Thursday, December 18, 2008

Satyam on the news

Announced that it was calling off the deal to acquire 100 per cent of Maytas Properties and 51 per cent controlling stake in Maytas Infra Ltd.
The stocks of Satyam plunged by 30.22 per cent and closed at Rs. 158.05 on the BSE due to severe resistance from the shareholders. The deal had fallen through after the ADRs (American Depository Receipts) on the New York Stock Exchange plummeted nearly 55 per cent, though they recovered in the after hours by 28 per cent.
Even as Satyam's deal to buy Maytas had to be hastily annulled in the wee hours of Wednesday morning as the company lost 52% on its ADR listed on the New York Stock Exchange (NYSE), a credibility crisis has begun to grip India's fouth largest IT company. "How can we trust the management of this company and its board of directors after it tried to enter into a deal that prime facie would benefit only the promoters who just own 8% of Satyam ? We have to examine whether the management needs to be changed," cried analysts in a reflection of the deep anguish caused by the now stymied move.
"We have decided not to move ahead with the acquisition in deference to the investment community's views," said Satyam in a SMS sent out at 3-45 am on Wednesday clearly shaken by the reaction on the US bourse of its move anounced barely 10 hours ago.
But this was clearly not enough to save the company: Satyam's stock tanked on the Indian bourses by 30%, even after the company announced its decision to go back on the deal. "The deal was seen as Satyam buying into companies owned by its family members. Cash from a company where the Raju family owns 8% was being transferred to a company where they hold more than 35%. This is what investors are resenting. Its become a corporate governance question. Whether the company can be trusted in future to take a proper decision is the moot issue," pointed out another analyst. Satyam's scrip closed at Rs 158.05 which is a 52 week low.
"58% of Satyam is owned by FIIs and they had no inkling that such a deal was in the works. There were questions about the future of Satyam after acquiring these companies when it doesn't have any experience in these businesses.

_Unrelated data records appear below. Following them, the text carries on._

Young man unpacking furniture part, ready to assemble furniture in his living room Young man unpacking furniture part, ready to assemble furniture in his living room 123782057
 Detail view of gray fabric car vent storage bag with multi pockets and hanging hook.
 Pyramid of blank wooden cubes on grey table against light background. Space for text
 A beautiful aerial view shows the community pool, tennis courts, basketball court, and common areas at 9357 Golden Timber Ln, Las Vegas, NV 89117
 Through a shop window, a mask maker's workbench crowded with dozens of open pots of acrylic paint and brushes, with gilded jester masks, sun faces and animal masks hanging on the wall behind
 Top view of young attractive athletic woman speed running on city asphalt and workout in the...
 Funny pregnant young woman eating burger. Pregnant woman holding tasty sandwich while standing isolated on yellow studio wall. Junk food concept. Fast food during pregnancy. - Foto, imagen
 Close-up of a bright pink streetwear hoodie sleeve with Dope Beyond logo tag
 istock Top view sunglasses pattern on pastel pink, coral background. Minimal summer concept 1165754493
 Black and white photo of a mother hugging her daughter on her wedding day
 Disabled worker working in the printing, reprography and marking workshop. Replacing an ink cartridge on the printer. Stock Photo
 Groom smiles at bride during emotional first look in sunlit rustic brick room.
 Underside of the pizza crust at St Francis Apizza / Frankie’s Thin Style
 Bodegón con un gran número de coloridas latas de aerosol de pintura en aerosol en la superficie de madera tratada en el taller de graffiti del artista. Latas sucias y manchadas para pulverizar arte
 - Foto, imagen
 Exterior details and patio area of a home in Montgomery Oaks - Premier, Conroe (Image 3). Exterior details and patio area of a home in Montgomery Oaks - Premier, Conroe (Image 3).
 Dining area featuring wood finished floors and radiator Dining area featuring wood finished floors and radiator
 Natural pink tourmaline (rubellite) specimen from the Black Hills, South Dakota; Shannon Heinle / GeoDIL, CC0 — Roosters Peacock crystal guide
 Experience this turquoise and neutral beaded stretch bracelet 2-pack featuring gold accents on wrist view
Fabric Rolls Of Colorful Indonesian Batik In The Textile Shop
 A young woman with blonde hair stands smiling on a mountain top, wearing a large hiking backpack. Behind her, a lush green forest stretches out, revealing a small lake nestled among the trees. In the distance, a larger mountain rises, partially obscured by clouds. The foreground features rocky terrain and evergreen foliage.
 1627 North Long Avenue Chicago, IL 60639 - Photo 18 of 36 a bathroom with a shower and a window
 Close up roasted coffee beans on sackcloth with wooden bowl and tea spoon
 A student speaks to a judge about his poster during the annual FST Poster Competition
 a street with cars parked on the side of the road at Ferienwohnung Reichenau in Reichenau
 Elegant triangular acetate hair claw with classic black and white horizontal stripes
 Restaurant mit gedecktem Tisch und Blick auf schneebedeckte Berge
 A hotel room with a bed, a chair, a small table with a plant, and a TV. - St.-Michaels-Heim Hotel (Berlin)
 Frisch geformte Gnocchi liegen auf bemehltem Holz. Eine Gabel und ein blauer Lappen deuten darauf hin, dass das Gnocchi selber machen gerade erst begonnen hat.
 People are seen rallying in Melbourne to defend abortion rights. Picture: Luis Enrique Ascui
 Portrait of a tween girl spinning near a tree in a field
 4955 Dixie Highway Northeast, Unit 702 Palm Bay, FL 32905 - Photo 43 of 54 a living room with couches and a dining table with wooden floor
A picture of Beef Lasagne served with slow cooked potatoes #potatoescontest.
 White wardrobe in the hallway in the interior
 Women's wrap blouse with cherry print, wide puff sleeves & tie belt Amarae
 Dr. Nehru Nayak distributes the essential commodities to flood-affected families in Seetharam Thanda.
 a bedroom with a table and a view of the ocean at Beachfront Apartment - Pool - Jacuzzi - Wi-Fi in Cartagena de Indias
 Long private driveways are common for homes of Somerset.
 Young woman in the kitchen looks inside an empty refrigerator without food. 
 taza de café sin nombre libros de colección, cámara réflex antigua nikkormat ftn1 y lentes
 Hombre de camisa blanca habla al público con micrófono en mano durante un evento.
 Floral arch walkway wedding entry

It makes more sense to deploy your funds in related businesses or pay your investors," said Sourav Mahajan, analyst with Karvy.
Moreover, what irked investors was as to how Satyam decided to pay Rs 6,500 crore ($1.3 billion), just for Maytas Properties' assets, a land bank of 6,800 acres valued at almost Rs 1 crore per acre. "It is not easy to value real estate in this falling market. So there are questions on the valuation of the acquisition," said Monotosh Sinha, executive director of Centrum Capital.
Later in the day as the company started a firefighting exercise Satyam's chief financial officer (CFO), Srinivasa Vadlamani told TOI: "We never anticipated this reaction. We underestimated it. We thought we could manage it." He also indicated that the deal had been on the table for the last few months claiming that for starters many other companies were looked at for being acquired. But the choice fell on Maytas Properties because it was zero debt unlike other companies that were in the consideration zone.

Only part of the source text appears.